Problem statement:
What is needed is an exact copy of the lines in the entries below from the one holding "十堰市太和医院洗精费用多少钱？试管婴儿移植成功后检查流程有哪些？" through the one holding "PERFUME BOSS HUGO", pictures excluded.

Task input:

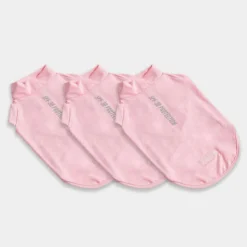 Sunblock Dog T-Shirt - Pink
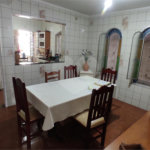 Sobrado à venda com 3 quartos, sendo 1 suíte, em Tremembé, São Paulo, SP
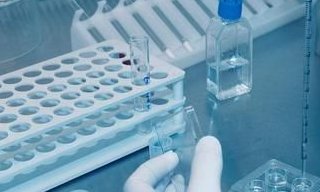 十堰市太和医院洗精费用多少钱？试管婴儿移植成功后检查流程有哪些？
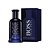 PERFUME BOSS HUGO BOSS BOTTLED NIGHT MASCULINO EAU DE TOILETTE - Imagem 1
==
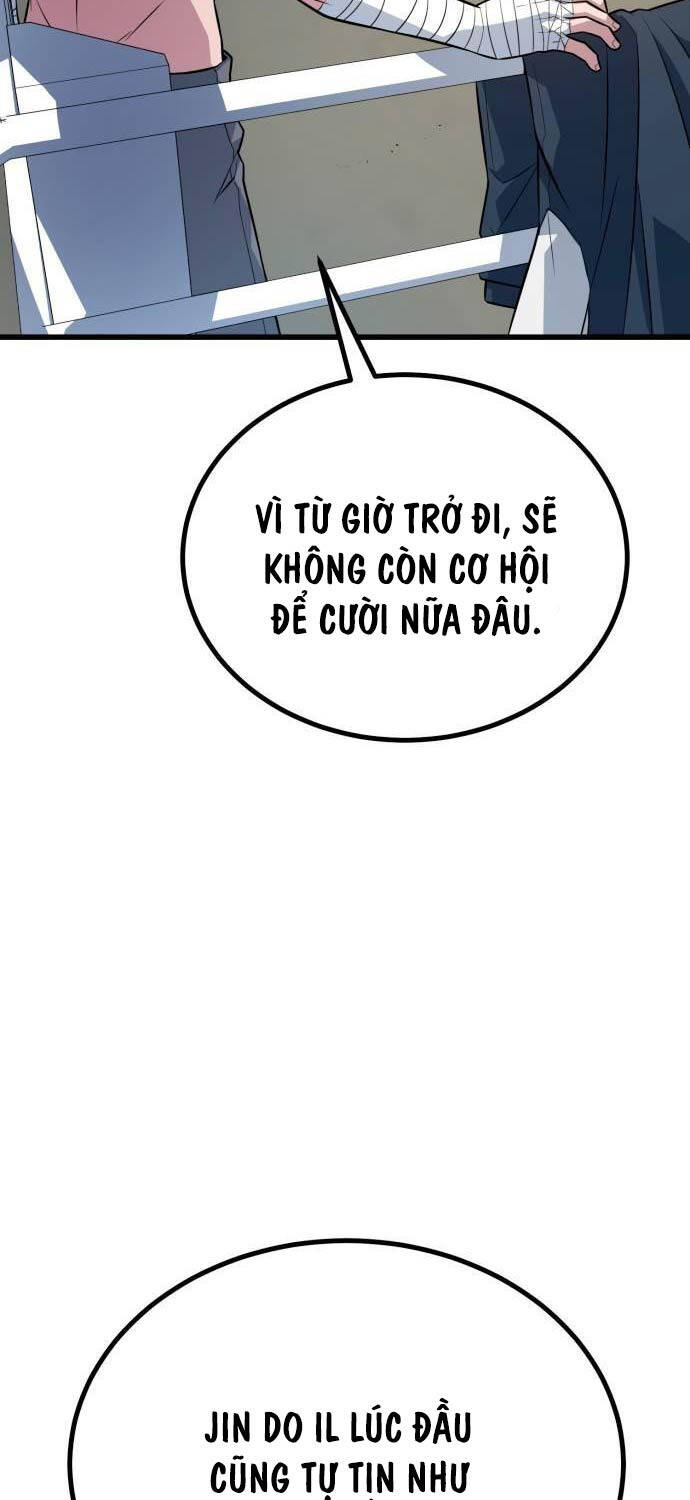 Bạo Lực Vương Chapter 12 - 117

Answer to the exercise:
 十堰市太和医院洗精费用多少钱？试管婴儿移植成功后检查流程有哪些？
 PERFUME BOSS HUGO BOSS BOTTLED NIGHT MASCULINO EAU DE TOILETTE - Imagem 1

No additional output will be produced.